Wuthering Heights: Catherine Earnshaw Linton's Hysteria

After the unexpected death of my first love a few years ago (we had broken up decades earlier), during some grief-filled reminisces it became clear to me how as inexperienced teenagers we are expected to make adult decisions that will effect the rest of our lives. Of course, at the time we don't worry about it since teenagers think they know everything. We don't heed or need any advice from adults since we think we know what's right for us and want to live our lives our own way.

Poor headstrong teenage Catherine got all starry-eyed over the idea of being the lady of Thrushcross Grange, capriciously ordering around a crowd of servants, wearing expensive clothes and jewelry, having great status in the village. Edgar was pretty cute too and bent over backwards to make her happy. How could she know that life is full of yearning for whatever we don't or can't have and you have to learn to prioritize and choose only the things your heart and soul really need because you just can't have everything. Catherine truly believed that she could have everything. Besides, Heathcliff had been gone for a couple of years without a trace. For all she knew he was gone forever making the decision to marry Edgar that much easier.
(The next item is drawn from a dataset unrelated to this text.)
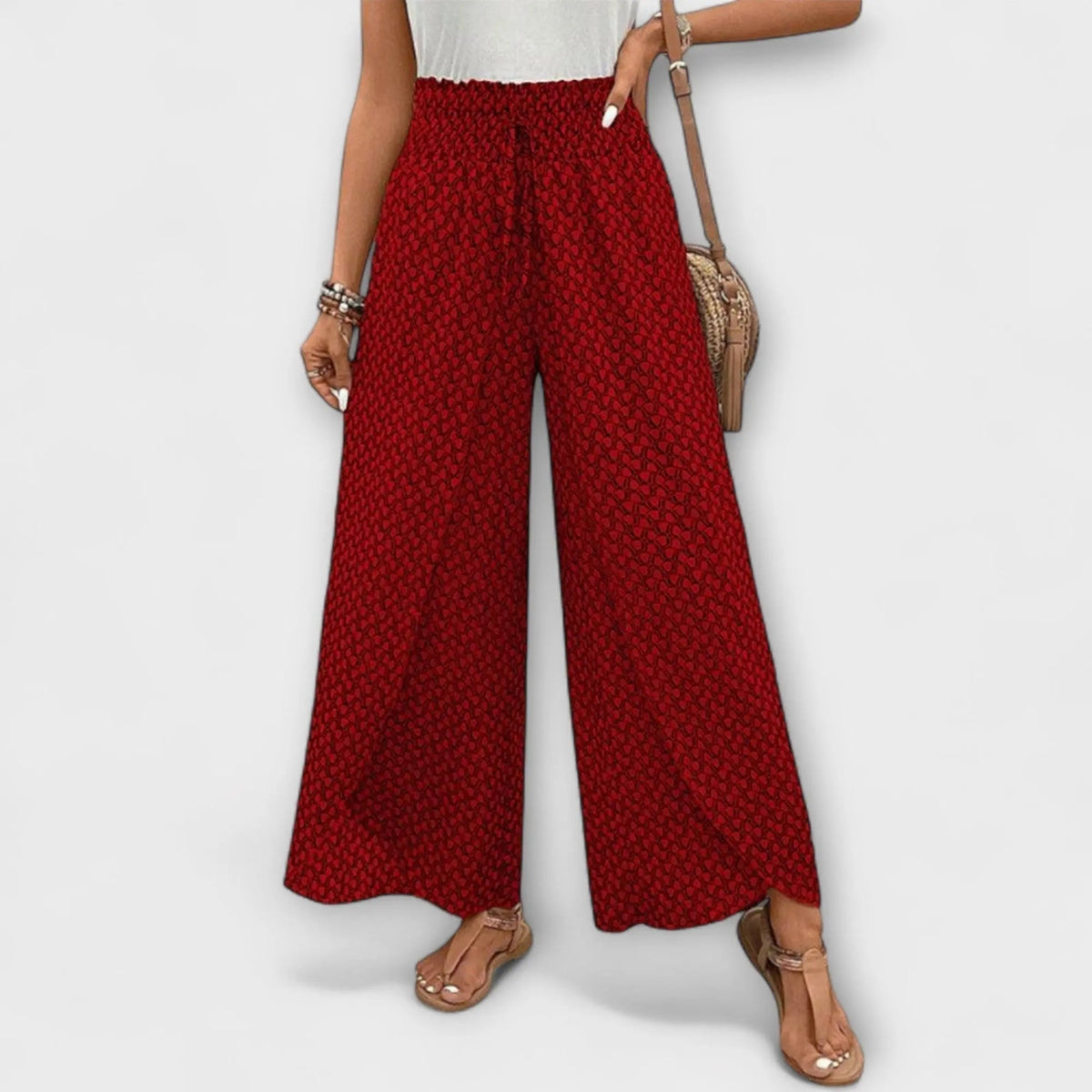PANTALÓN PALAZZO CHIARA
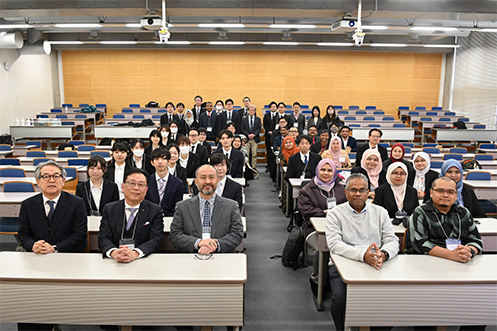 【開催報告】10th International Postgraduate Conference on Pharmaceutical Sciences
After Heathcliff's return she still believed that if they behaved as she wished, she could have them both. When she finally realized she couldn't have both Edgar, her husband, and Heathcliff, her soulmate she did what a lot of teenage girls do and locked herself in her room and refused to eat. Teenage girls are really good at self-destruction. I like the fact that she was five months pregnant at the time making it impossible to blame it on PMS. She was just a teenager who couldn't get her way.

When she finally let Nelly in after three days isolation, she was a physical and mental wreck. She realized what a mistake she had made marrying cute, but boring Edgar and longed to rewind the clock and be back at Wuthering Heights traversing the moors with her heart's desire Heathcliff. Now she was trapped in a passionless marriage with a baby on the way. Marriage was for life back then even if you lived apart like Isabella and Heathcliff, so Catherine's life was over as far as she was concerned and she looked forward to her physical death to escape the pain of never being able to live with Heathcliff at Wuthering Heights again. Without Heathcliff she was no better than a dead woman walking.